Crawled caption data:
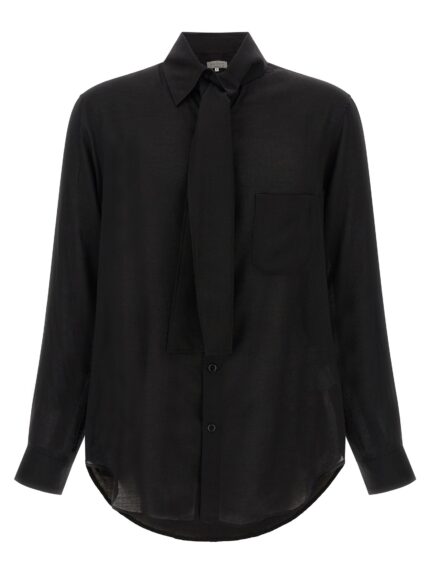 YOHJI YAMAMOTO Stole Collar Shirt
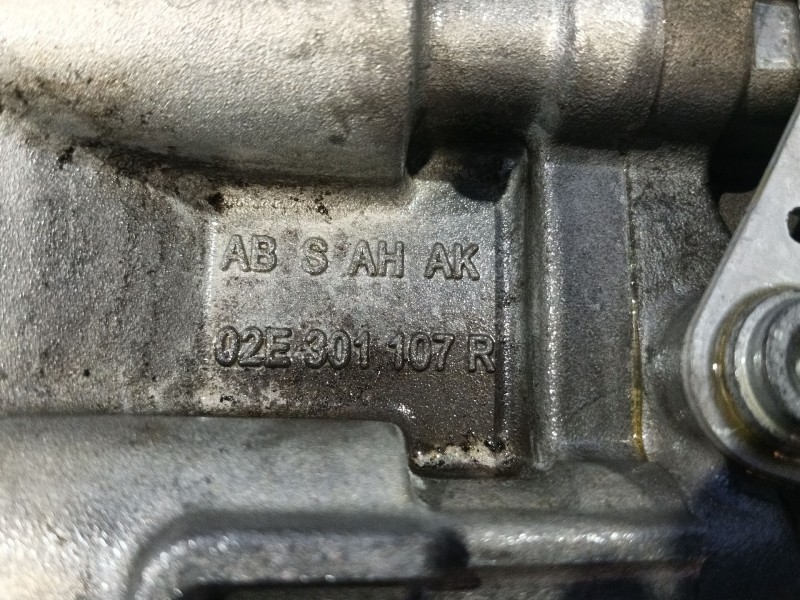 Recambio de caja cambios para volkswagen golf plus v (5m1, 521) 2.0 tdi 16v referencia OEM IAM 02E301107R  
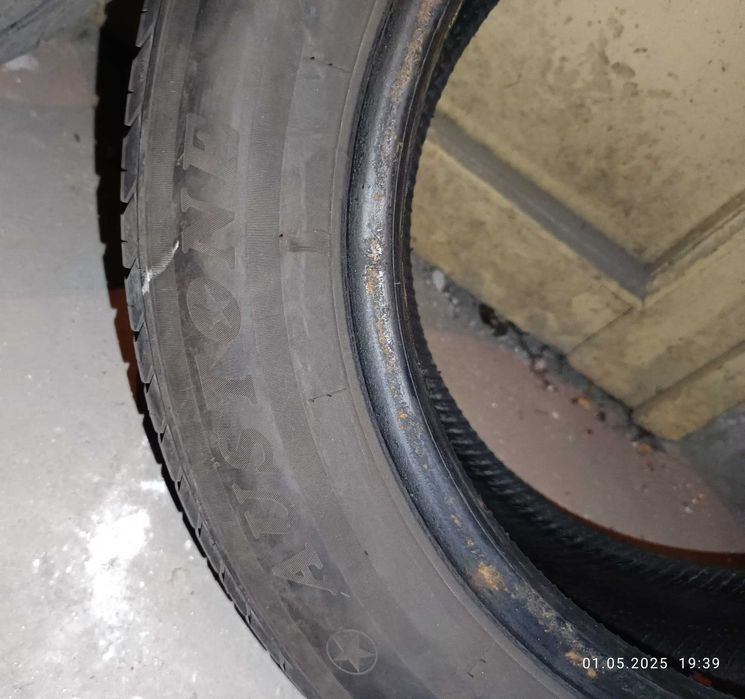 Четири бройки летни гуми 175/65R14 (карани са само един сезон]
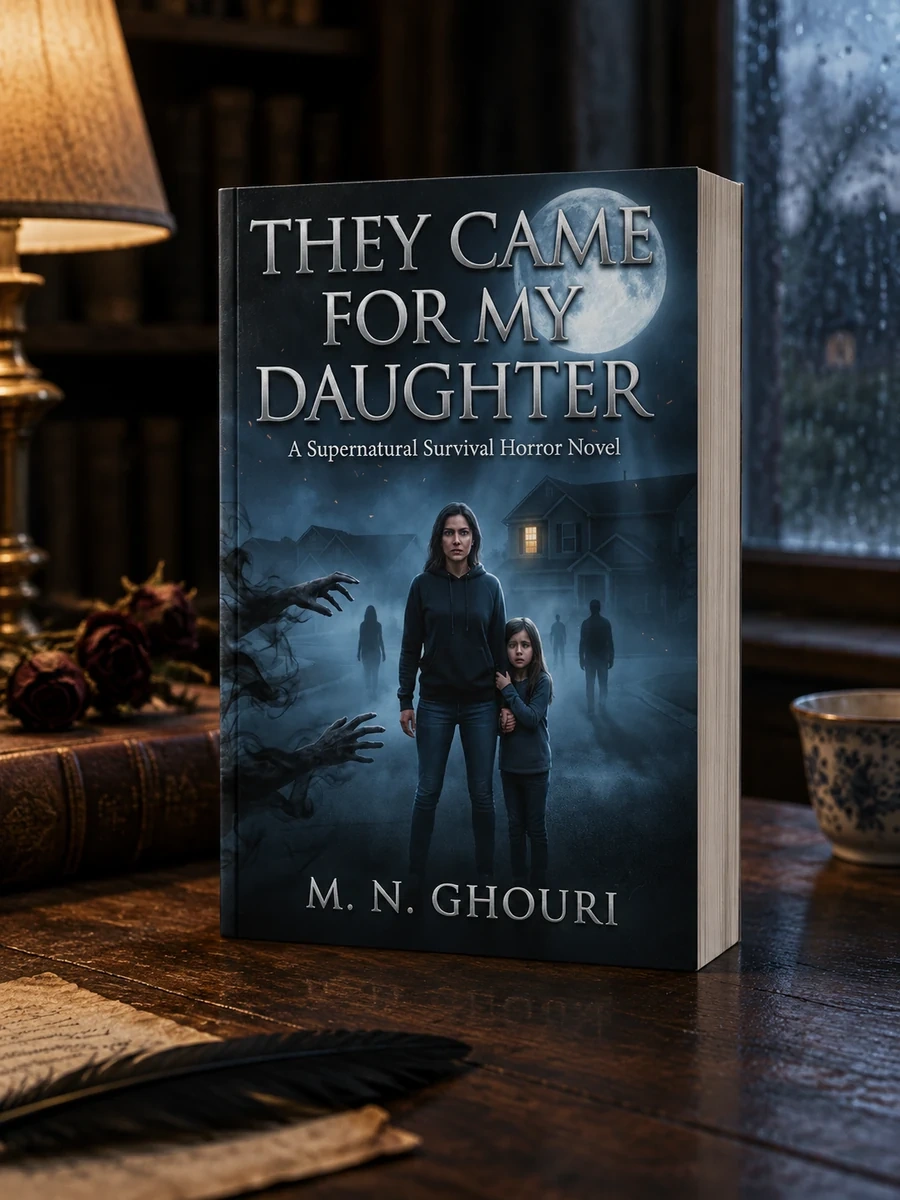 They Came for My Daughter: A Supernatural Survival Horror Novel
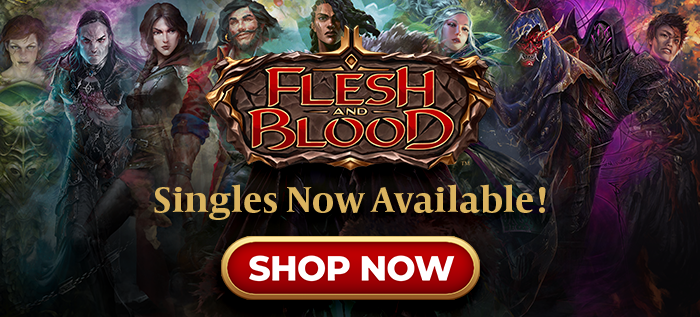 Star City Games Now Carries Flesh and Blood Singles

**Try it**
Omitting all pictures, copy the preceding entries without any alteration.

**Task output**
 YOHJI YAMAMOTO Stole Collar Shirt
 Recambio de caja cambios para volkswagen golf plus v (5m1, 521) 2.0 tdi 16v referencia OEM IAM 02E301107R  
 Четири бройки летни гуми 175/65R14 (карани са само един сезон]
 They Came for My Daughter: A Supernatural Survival Horror Novel
 Star City Games Now Carries Flesh and Blood Singles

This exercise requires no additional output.